One alternative is something similar to awards on reddit. However one could argue that it would impact the visibility of awarded posts by making them more 'eye-catching'. The only way such a system would not impact post/comment visibility is if it is a private transfer of value.
Honestly I would hate that, but if that's what keeps the lights on then I'll deal with it. I would prefer to move to an anonymous donation model like Wikipedia but I'm skeptical that will work.
Why would it have to be blockchain? Plus like the other commenter said, that provides incentive to bot comments and such. Donation based stuff works fine.
Blockchain has been used previously (see dogetipbot) in a similar concept and worked well.
Since tips would be given at the discretion of users finding certain comments particularly good, a bot would only be able to abuse the system by creating good comments.
I have seen of many instances not being funded sufficiently through donations. If the level of user donations is able to cover only 50% of operation costs for an instance, if monthly upkeep is say $60, then it is reasonable for an owner to subsidize the rest. But, as lemmy (and consequently each community) grows in popularity, a 50% coverage of operational costs is simply not sustainable. That is, without a tactic such as Wikipedia's notorious pity-ware ad banners.
Providing an alternative method of funding could assist instance owners to keep the community running.
Wouldn't spammers just buy them though? Or would it be a cosmetic thing only? Not actually promoting the content more?
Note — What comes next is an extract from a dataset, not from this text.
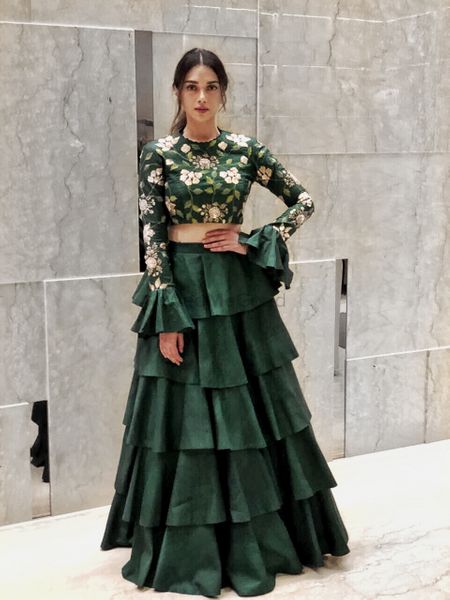 Beautiful bottle green lehenga with bell sleeved blouse and floral print along with a layered lehenga skirt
IMO it sounds like that some AI corporation should host their own instance(s). They only pay for server and maintenance costs, while community does the rest and they have their data.
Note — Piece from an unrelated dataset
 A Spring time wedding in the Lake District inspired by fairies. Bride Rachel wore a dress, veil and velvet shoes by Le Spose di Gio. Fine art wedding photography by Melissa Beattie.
Would be best of both worlds, isn't it? Once they become greedy, we are f*cked again, just like Reddit did...
You can say fuck on the Internet
ads and trackers. people worry about privacy like they r handling CIA data and all they have on their phones is videos of cats and golden retrievers
Your phone probably also has your name, address, your sin number that you've written down so you can transcribe it later into that government form and then forgot to delete, your mom sending you unsolicited advice on how to deal with your hemorrhoid which she was never supposed to know about, search history of looking up how to deal with said hemeroids, furry porn wait no those are also cat videos, that embarrassing conversation you had with your crush five years ago. There's so much that could be on your phone that most people wouldn't want strangers getting ahold of.
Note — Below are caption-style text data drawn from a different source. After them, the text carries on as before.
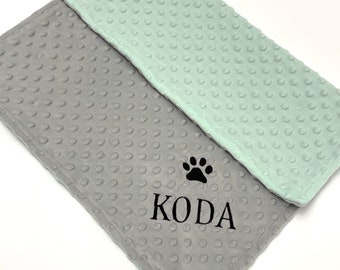 Op de afbeelding: Een grijs en lichtgroen minky-stippen deken met een zwarte pootprint en de naam "KODA" geborduurd erop.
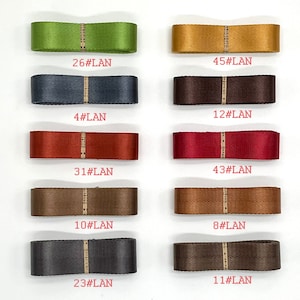 May include: A collection of ten different coloured ribbon samples, each with a number and the text "#LAN" printed on a white label. The ribbons are arranged in two rows of five, with the numbers increasing from left to right.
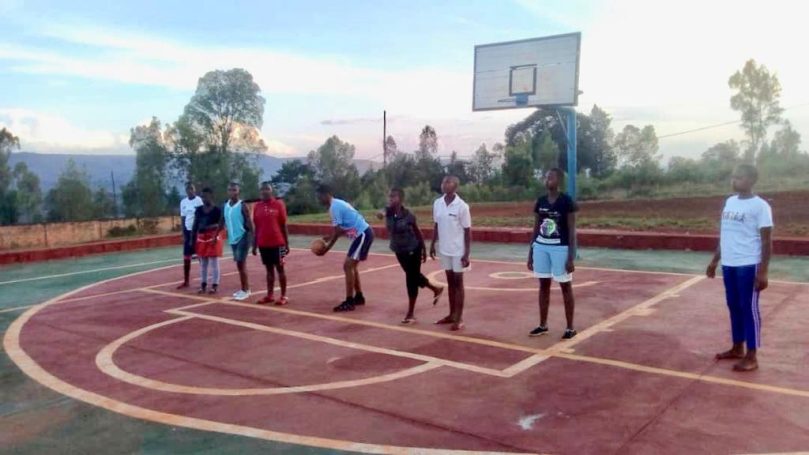 Students using new Basketball/Volleyball Court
Bank accounts and escrow and payment processors are complicated and require real companies with tax identifiers. Nobody is gonna set that up just to host an instance. IMO this is a perfect use case for crypto. Could be a monthly thing or micropayments. Maybe something a bit like the Basic Attention Token.
It's a perfect use case for Patreon, PayPal, and similar services that are easier to set up than any of the things you mentioned. And the stability of fiat currency is a benefit when we're looking at covering operating costs.
Crypto is fine as an option, but it doesn't seem like a great fit for the primary.